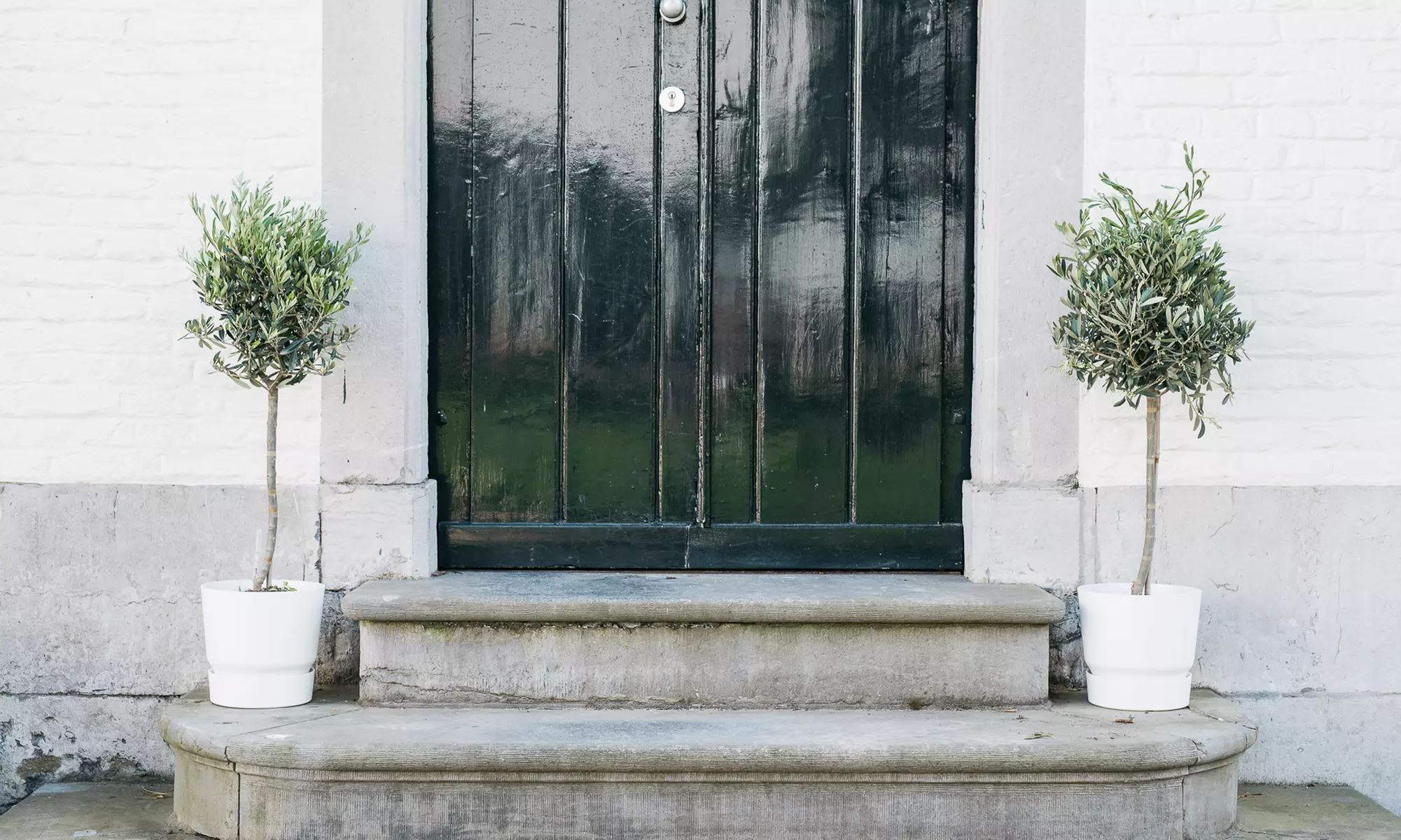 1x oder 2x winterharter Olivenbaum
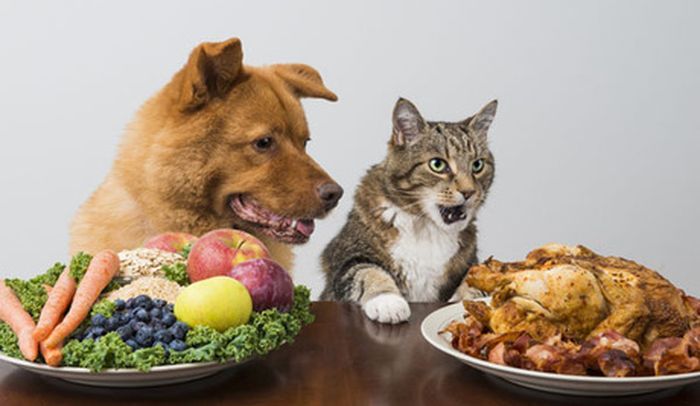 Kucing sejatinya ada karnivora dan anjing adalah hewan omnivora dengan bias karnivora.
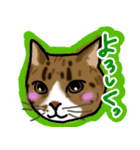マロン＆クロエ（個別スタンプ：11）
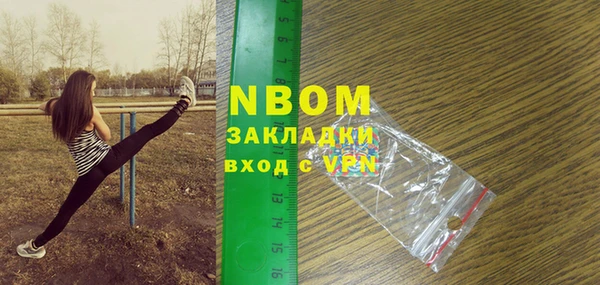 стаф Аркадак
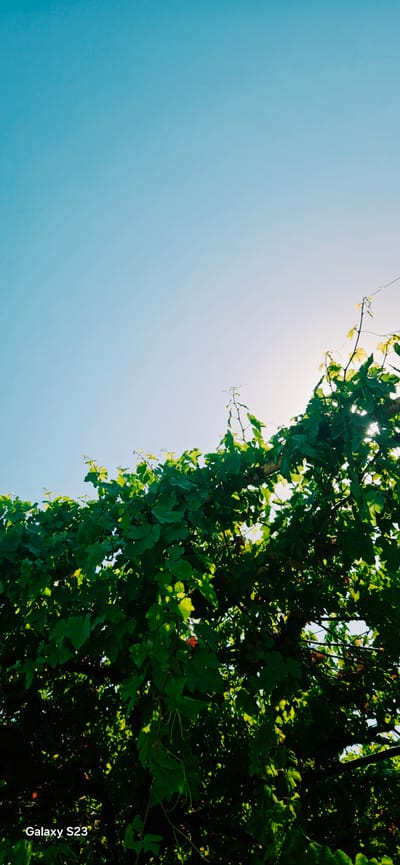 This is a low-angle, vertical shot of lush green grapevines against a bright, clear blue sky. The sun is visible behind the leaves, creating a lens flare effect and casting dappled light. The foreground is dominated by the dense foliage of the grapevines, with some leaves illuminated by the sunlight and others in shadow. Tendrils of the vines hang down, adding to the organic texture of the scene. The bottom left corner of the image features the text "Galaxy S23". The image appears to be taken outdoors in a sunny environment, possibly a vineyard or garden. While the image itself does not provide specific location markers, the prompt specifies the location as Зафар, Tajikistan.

● Task directions
Taking the entries above, extract every line from the one bearing "Kucing sejatinya ada" through the one bearing "стаф Аркадак", exactly, with no pictures.

● Task output
 Kucing sejatinya ada karnivora dan anjing adalah hewan omnivora dengan bias karnivora.
マロン＆クロエ（個別スタンプ：11）
 стаф Аркадак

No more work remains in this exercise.